→ Directions for this task
Word for word, return the lines below from the first through the line that has "Standard features include", dropping the pictures.

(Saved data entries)
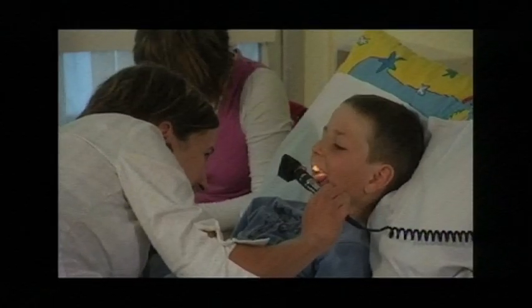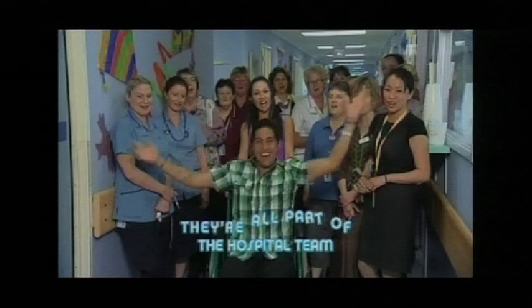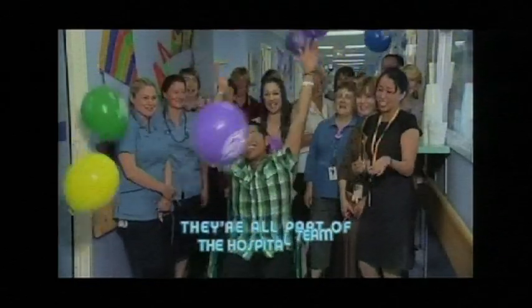And they're not finished yet, with having a plaster put on and removed, a CT scan, and a PICC line next on the wish list. Gracie Fee, Metro News.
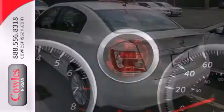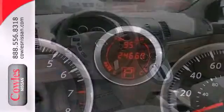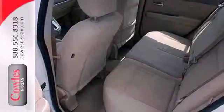Standard features include the protection of stability and traction control, anti-lock brakes and multiple airbags. You'll also get the convenience of a tilt steering wheel, CD player, air conditioning and rear window defrost. What a great choice for you and your passengers.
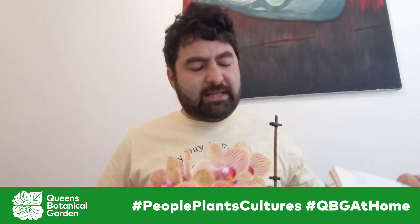Hi everyone, welcome. This is Gennady from Queens Botanical Garden. I wanted to talk to you today a little bit about some plants. I even brought my little orchid here to keep me company. You probably know that plants have many different parts, and I did a little sketch — nothing fancy — right here to take a look at them.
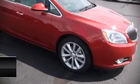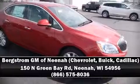Stop by our dealership or give us a call for more information.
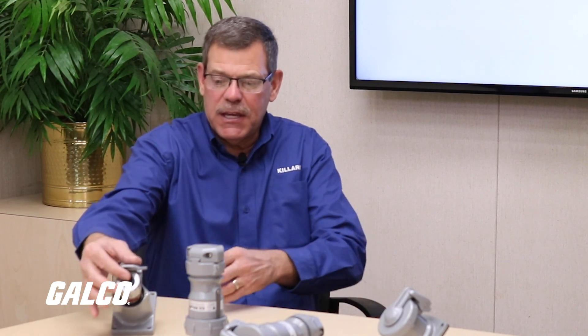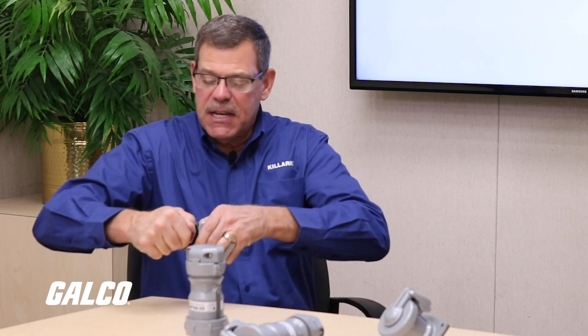Duane, these look nothing like the NEMA wiring devices that we've shown on our channel before. Can you tell me about these? This product is hazardous location in nature. These are Class 1, Division 1 rated products. Even though they would look like a NEMA device, this actually is a Class 1, Division 1 straight blade plug. This will actually fit into a NEMA rated wall socket, but a regular plug would not fit into this receptacle — it's specially designed to reject any other plug other than a hazardous rated plug.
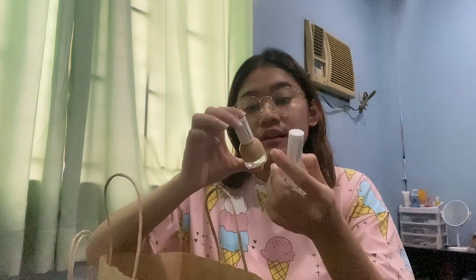Tapos gumili din ako ng Q-Tips — itong trench coat na color, and then yung quick dry top coat nila. Kasi ano, 149 pesos each pero buy one take one siya. You're just going to pay kung ano yung mas mataas na price. Eh since parang sila 149, so yeah.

→ Your solution
And they're not finished yet, with having a plaster put on and removed, a CT scan, and a PICC line next on the wish list. Gracie Fee, Metro News.
Standard features include the protection of stability and traction control, anti-lock brakes and multiple airbags. You'll also get the convenience of a tilt steering wheel, CD player, air conditioning and rear window defrost. What a great choice for you and your passengers.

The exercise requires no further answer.